TASK REQUIREMENTS | Repeat the listing exactly. Pictures stay out of your copy.

MATERIAL PROVIDED |
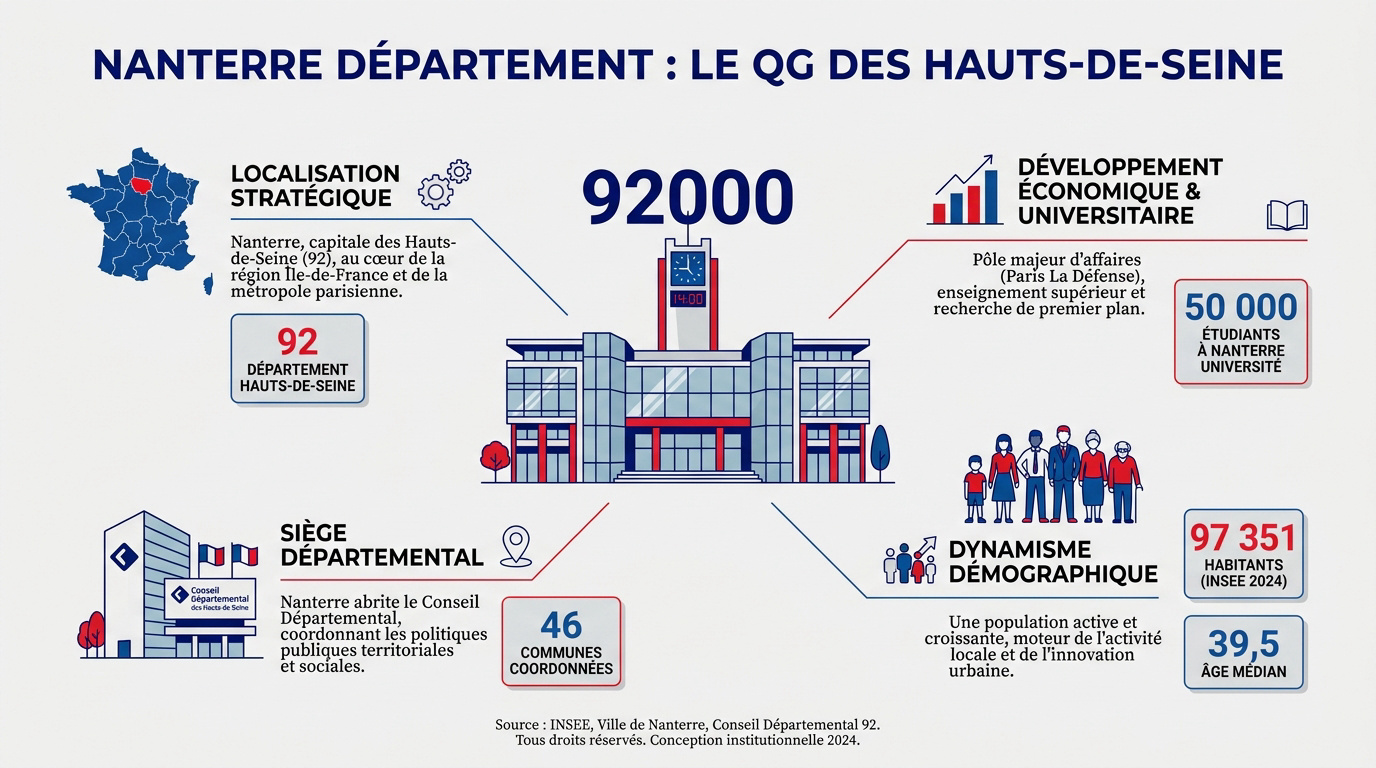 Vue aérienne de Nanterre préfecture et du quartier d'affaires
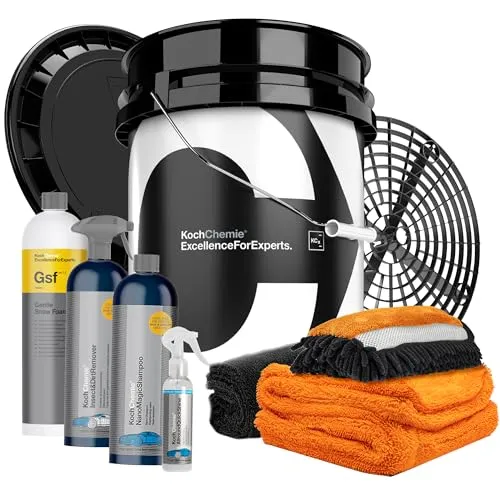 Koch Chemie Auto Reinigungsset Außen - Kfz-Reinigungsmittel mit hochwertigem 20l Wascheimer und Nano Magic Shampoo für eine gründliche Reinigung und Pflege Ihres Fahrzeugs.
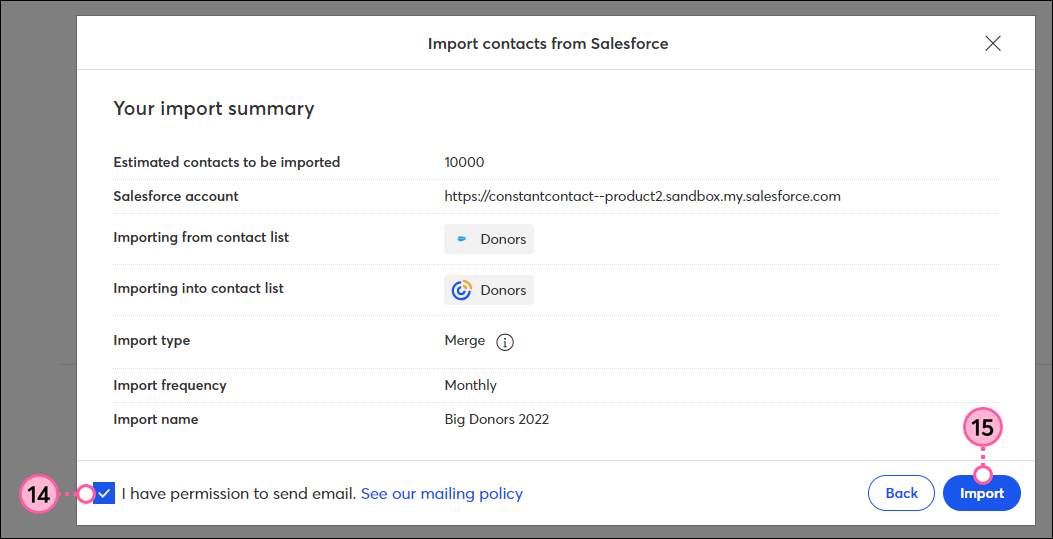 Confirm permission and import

REPLY TO THE TASK |
 Vue aérienne de Nanterre préfecture et du quartier d'affaires
 Koch Chemie Auto Reinigungsset Außen - Kfz-Reinigungsmittel mit hochwertigem 20l Wascheimer und Nano Magic Shampoo für eine gründliche Reinigung und Pflege Ihres Fahrzeugs.
 Confirm permission and import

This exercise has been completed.